▶ **Task requirements**
Copy the data exactly. Images are to be left out.

▶ **Data block**
__________________________________________________

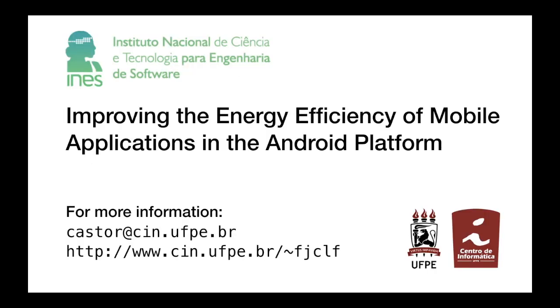This is just an overview of the project improving the energy efficiency of mobile applications in the Android platform. If you want to know more, please contact us.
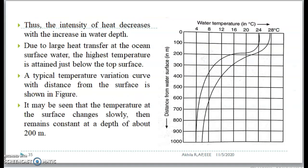Due to large heat transfer at the ocean surface water, the highest temperature would be obtained just below the top surface. You can see a typical temperature variation curve with distance from the surface as shown in the figure. The temperature at the surface changes slowly, then remains constant at a depth of about 200 meters. The x-axis shows the water temperature in degrees Celsius and the y-axis has the distance from the ocean surface.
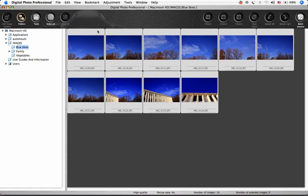Digital Photo Professional has a few tools to help eliminate spots on your image that are sometimes visible if there is dust on your sensor at the time of shooting. Here's a folder of images that show dust in the sky.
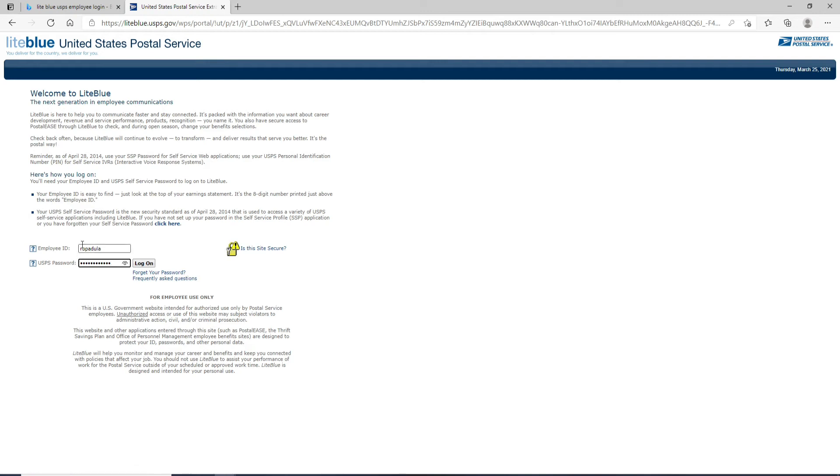In case you forget your password and don't remember it, click on forget your password and follow the instructions to reset to a new password.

__________________________________________________

▶ **Solved exercise**
This is just an overview of the project improving the energy efficiency of mobile applications in the Android platform. If you want to know more, please contact us.
Due to large heat transfer at the ocean surface water, the highest temperature would be obtained just below the top surface. You can see a typical temperature variation curve with distance from the surface as shown in the figure. The temperature at the surface changes slowly, then remains constant at a depth of about 200 meters. The x-axis shows the water temperature in degrees Celsius and the y-axis has the distance from the ocean surface.
Digital Photo Professional has a few tools to help eliminate spots on your image that are sometimes visible if there is dust on your sensor at the time of shooting. Here's a folder of images that show dust in the sky.
In case you forget your password and don't remember it, click on forget your password and follow the instructions to reset to a new password.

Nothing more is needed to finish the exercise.